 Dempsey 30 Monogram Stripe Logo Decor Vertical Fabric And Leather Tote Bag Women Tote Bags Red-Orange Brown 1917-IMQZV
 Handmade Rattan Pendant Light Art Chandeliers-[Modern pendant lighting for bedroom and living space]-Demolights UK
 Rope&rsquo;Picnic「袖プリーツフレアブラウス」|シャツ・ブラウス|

...

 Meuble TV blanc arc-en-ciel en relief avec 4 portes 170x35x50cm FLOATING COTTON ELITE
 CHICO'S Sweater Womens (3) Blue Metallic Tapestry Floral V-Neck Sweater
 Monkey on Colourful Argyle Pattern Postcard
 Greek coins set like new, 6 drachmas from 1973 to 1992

==

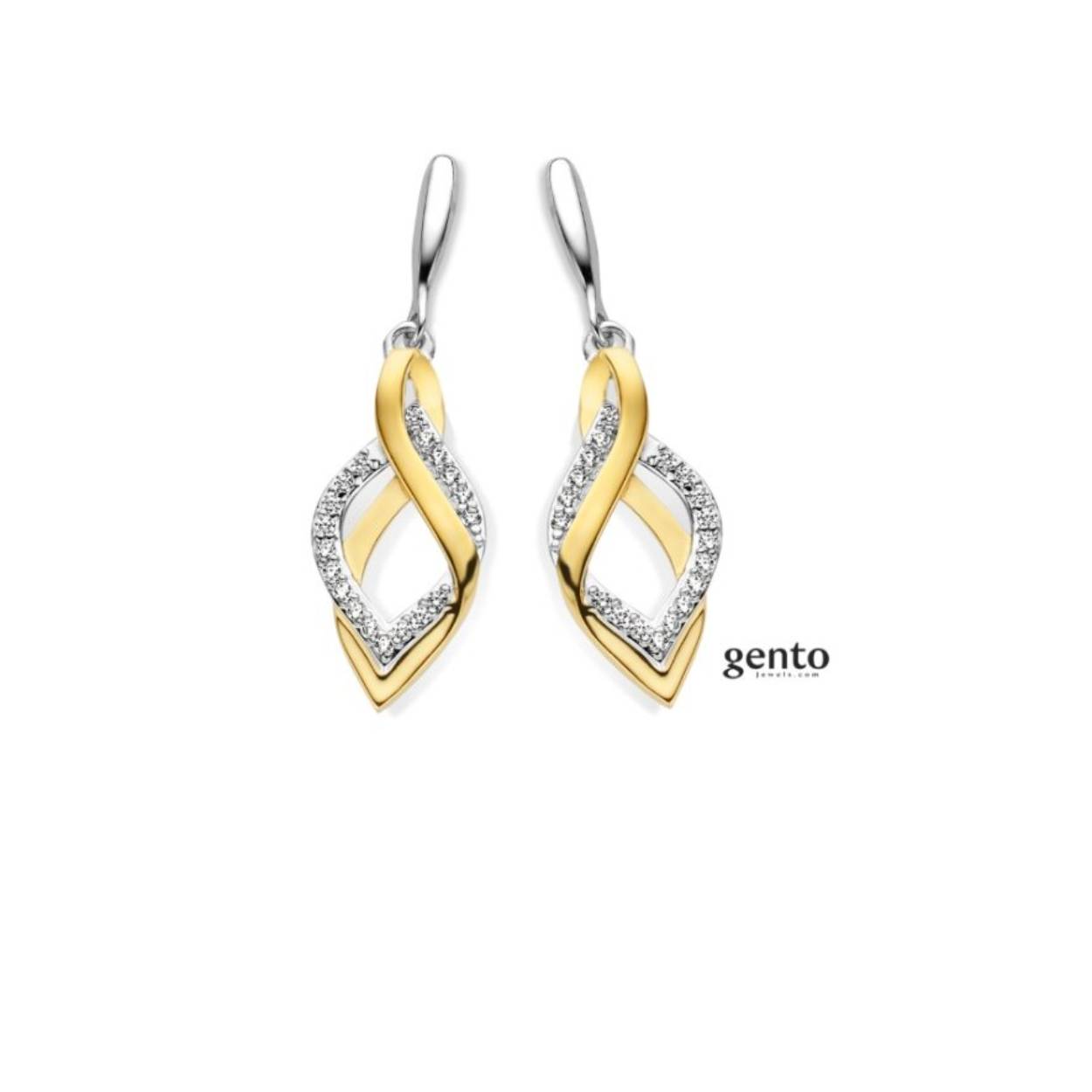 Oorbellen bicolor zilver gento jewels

#### THE TASK
Above are records; repeat only the lines starting at the line with "Monkey on Colourful Argyle Pattern Postcard" and ending at the line with "Greek coins set", exactly as they appear, both included.

#### SOLUTION TO THIS EXERCISE
 Monkey on Colourful Argyle Pattern Postcard
 Greek coins set like new, 6 drachmas from 1973 to 1992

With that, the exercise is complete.